◆ **THE PROBLEM**: For every line below, output the text exactly and leave out images.

◆ **DATA**:

************

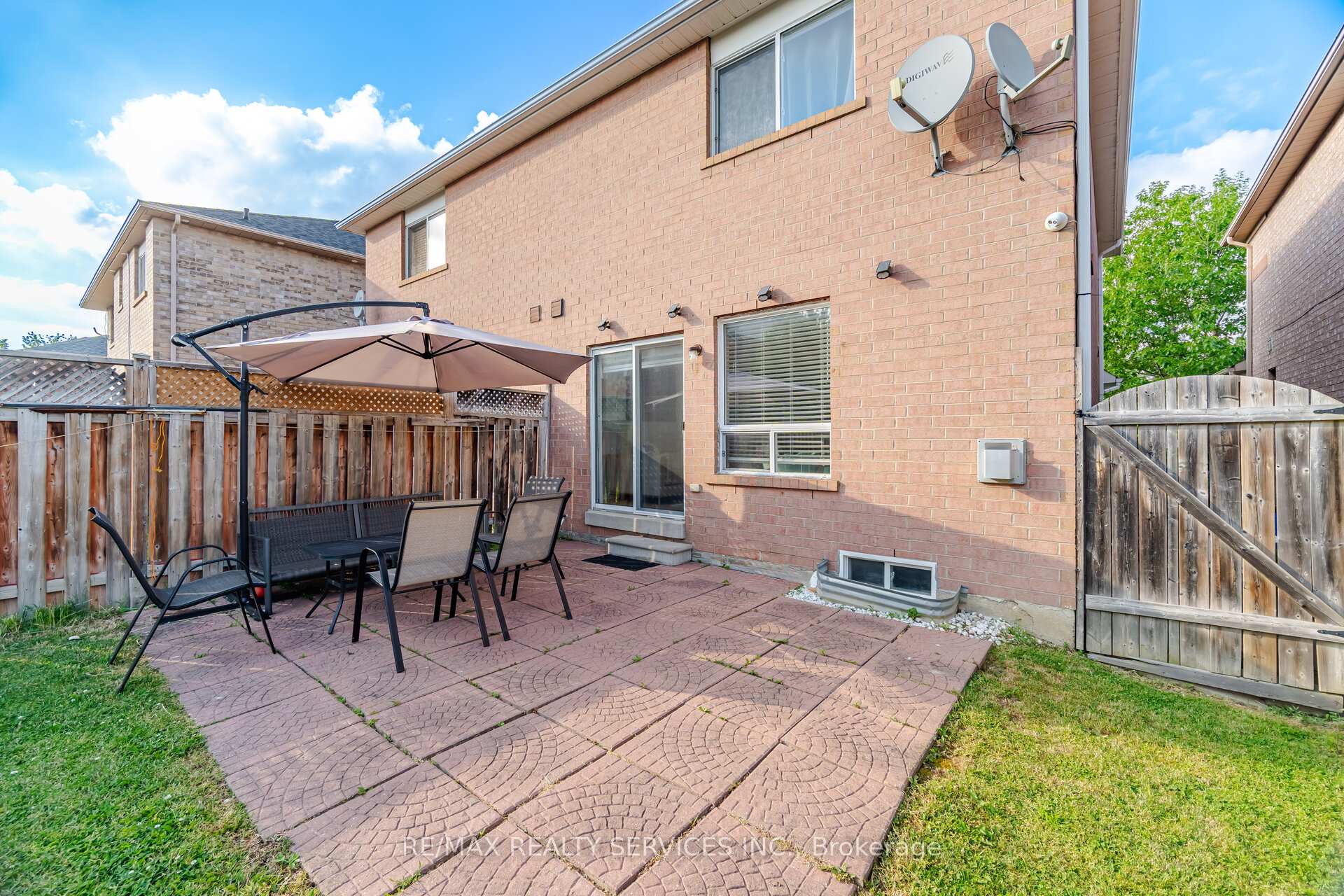 Photo 47 of 29 Lonestar Crescent, Brampton, Fletcher's Meadow — HOMEH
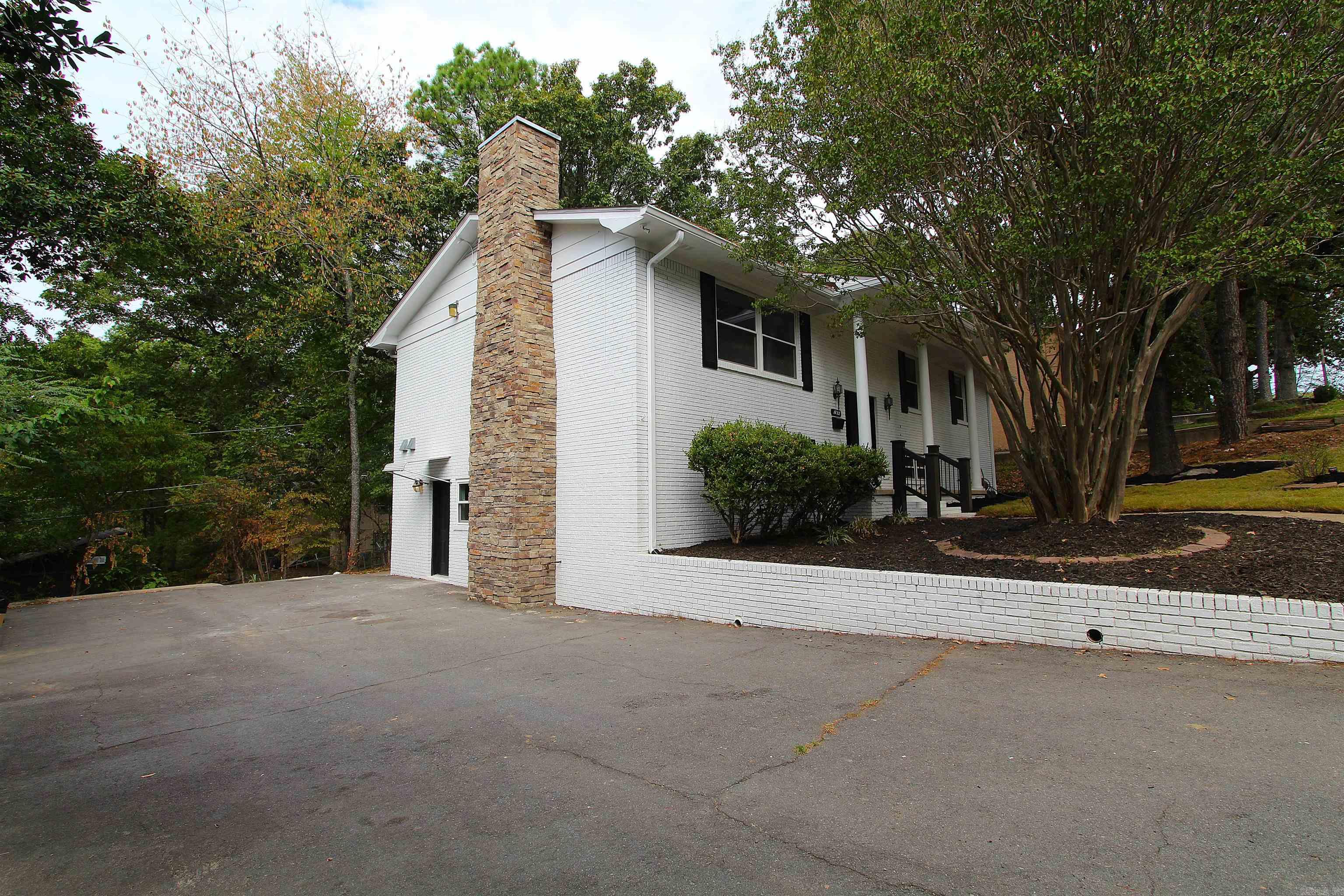 1722 Alberta Dr Little Rock, AR 72227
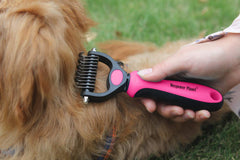 Maxpower Planet brosse utilisée sur un chien épais réduisant efficacement les nœuds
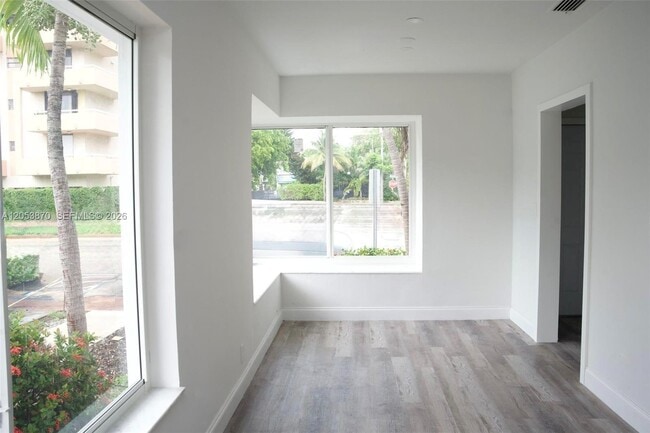 Foto del edificio - 8201 Abbott Ave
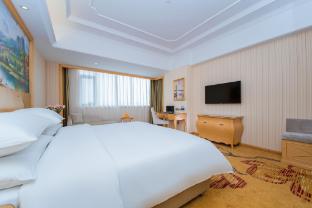 vienna international hotel huanggang dongmen road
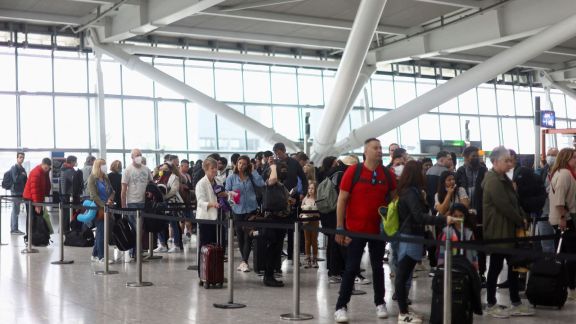 Indians among largest group to leave UK amid migration drop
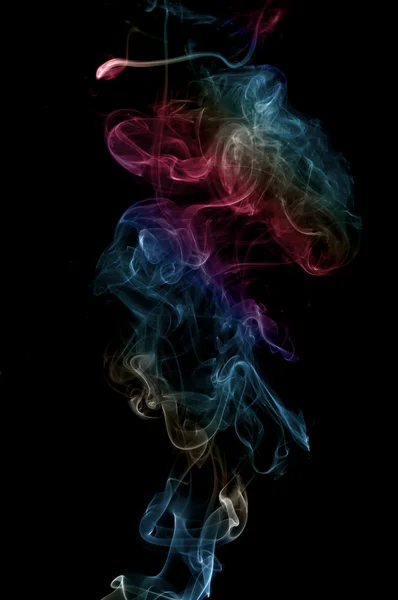 Kleurrijke rook op de zwarte achtergrond — Stockfoto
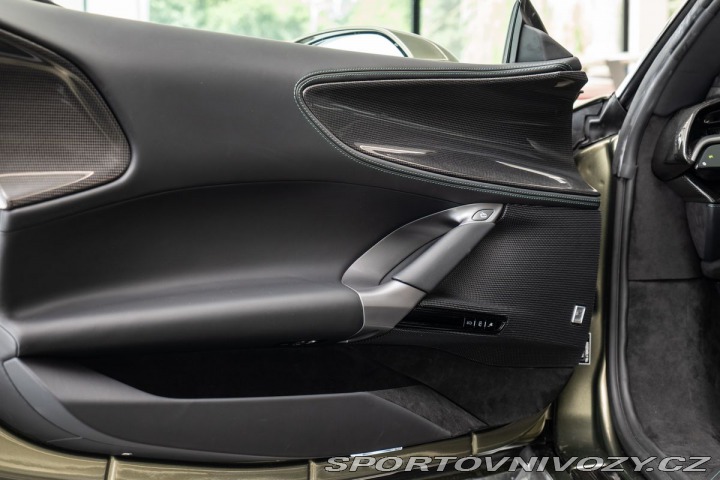 Ferrari SF90 Spider 2025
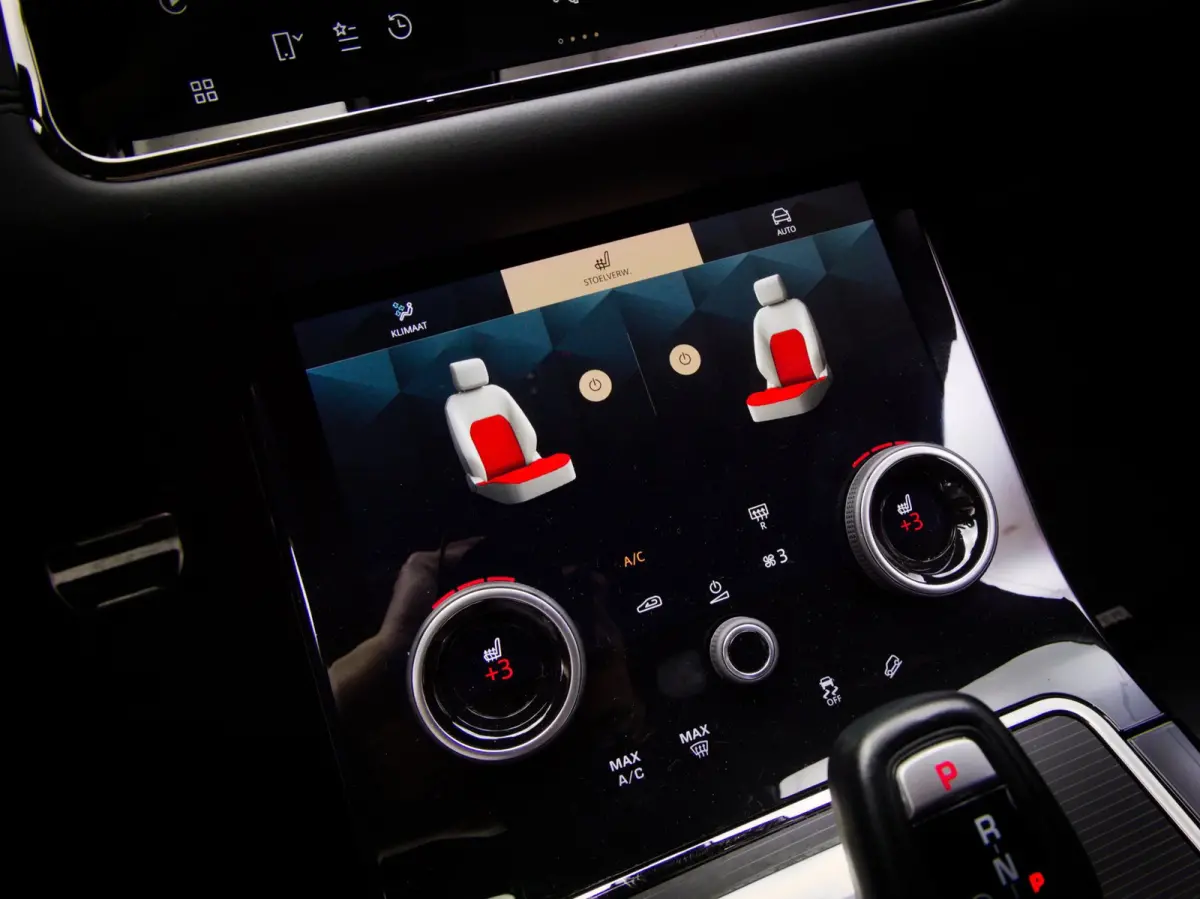1.5 P300e AWD R-Dynamic HSE (PANO, ADAPTIVE CRUISE, MERIDIAN-AUDIO, DODEHOEKDETECTOR, APPLE CARPLAY)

************

◆ **PROBLEM SOLUTION**:
 Photo 47 of 29 Lonestar Crescent, Brampton, Fletcher's Meadow — HOMEH
 1722 Alberta Dr Little Rock, AR 72227
 Maxpower Planet brosse utilisée sur un chien épais réduisant efficacement les nœuds
 Foto del edificio - 8201 Abbott Ave
 vienna international hotel huanggang dongmen road
 Indians among largest group to leave UK amid migration drop
 Kleurrijke rook op de zwarte achtergrond — Stockfoto
 Ferrari SF90 Spider 2025
1.5 P300e AWD R-Dynamic HSE (PANO, ADAPTIVE CRUISE, MERIDIAN-AUDIO, DODEHOEKDETECTOR, APPLE CARPLAY)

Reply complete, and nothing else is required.